Doesn't denying the material base of the Palestinian "people" amount to
providing "passive support" to the state that colonizes and represses them?

I think it is possible to develop a framework of analysis in which we
feel solidarity with the struggles in Palestine without being under any
illusions about the perspectives brought by the "national"
socio-political apparatuses. This is what Socialisme ou Barbarie had
partly succeeded in doing during the Algerian War: developing an
internationalist line capable of holding a critical position on the FLN,
based on a class analysis.
In Palestine, as everywhere in the world, we are in a period where we
will not find anywhere a political incarnation "of class" of the
proletariat. Some cling to an identification with left-wing parties like
the PFLP or the FDLP (Democratic Front for the Liberation of Palestine),
or to a hypothetical civil society at a distance from the parties. I
understand the approach, and I was led to share it in my travels by
"cultural" affinity, but these parties and this civil society are
crossed by class contradictions that the executives want to pass off as
secondary with regard to national domination. However, it is with the
discourse of these executives that we find ourselves (generally) in
solidarity, without realizing it.
I cling to the idea that social relations take precedence over political
ideologies, and that, both emotionally and intellectually, we must
always try to "start from the bottom", socially speaking, beyond
political identifications, to understand the struggles that "the"

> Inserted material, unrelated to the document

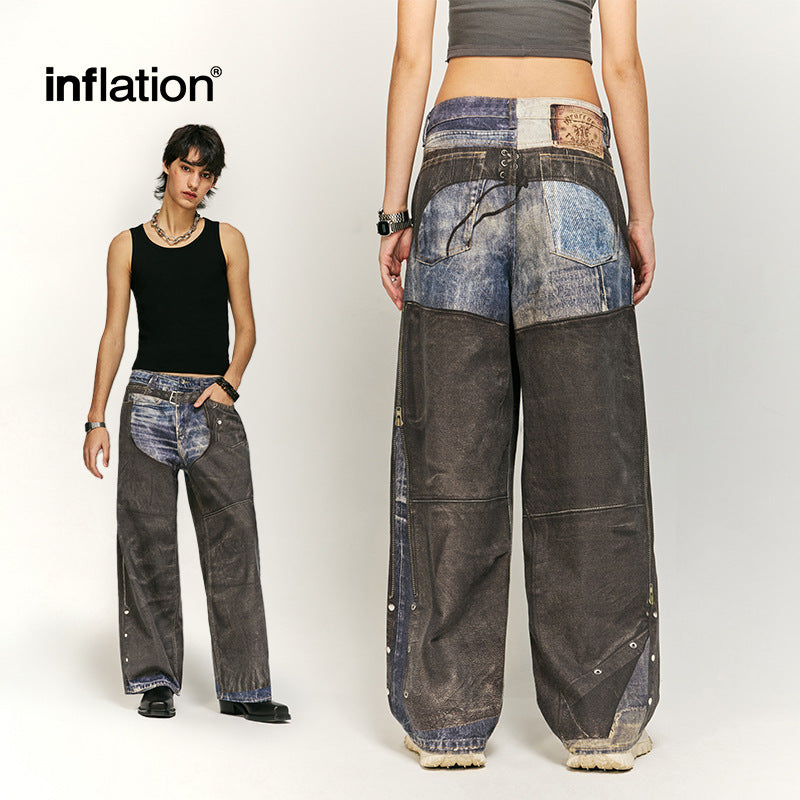 INFLATION Patchwork Digitally Printed Street Classic Trendy Wide-leg Jeans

national struggle claims to encompass.
In the identification with Palestine, with the idea of Palestine,
distinct logics can be identified according to class, the relationship
to politics, to militant capital, cultural, etc. This is the case there,
but also with us, in expressions of solidarity. These different logics
do not coexist, they do not draw a convergence or a unity: they are
contradictory, they are in struggle, in a more or less assumed or silent
manner.
I have little to say on the terrain of "what to do". It seems to me in
any case that, more than the different political positions held in the
solidarity movement (what we think of Hamas, of a bi-national State or
other), it is appropriate to question its social composition and the
practices of struggle that result from it, in order to then position
ourselves in the movement - in the hope of "bringing the war home", and
of attacking the maintenance of social order where we are and, thus, of
putting an end to the massacres in Gaza. In France, the capture and
supervision of solidarity demonstrations by politicians from La France
Insoumise and their ilk who instrumentalize the "Palestinian cause" as
part of their interests, or even by associations that position
themselves as interlocutors of the government, in my opinion refers to a
defeat of the proletarian, non-political component of the movement,
which had expressed itself for example with more force during the 2014 war.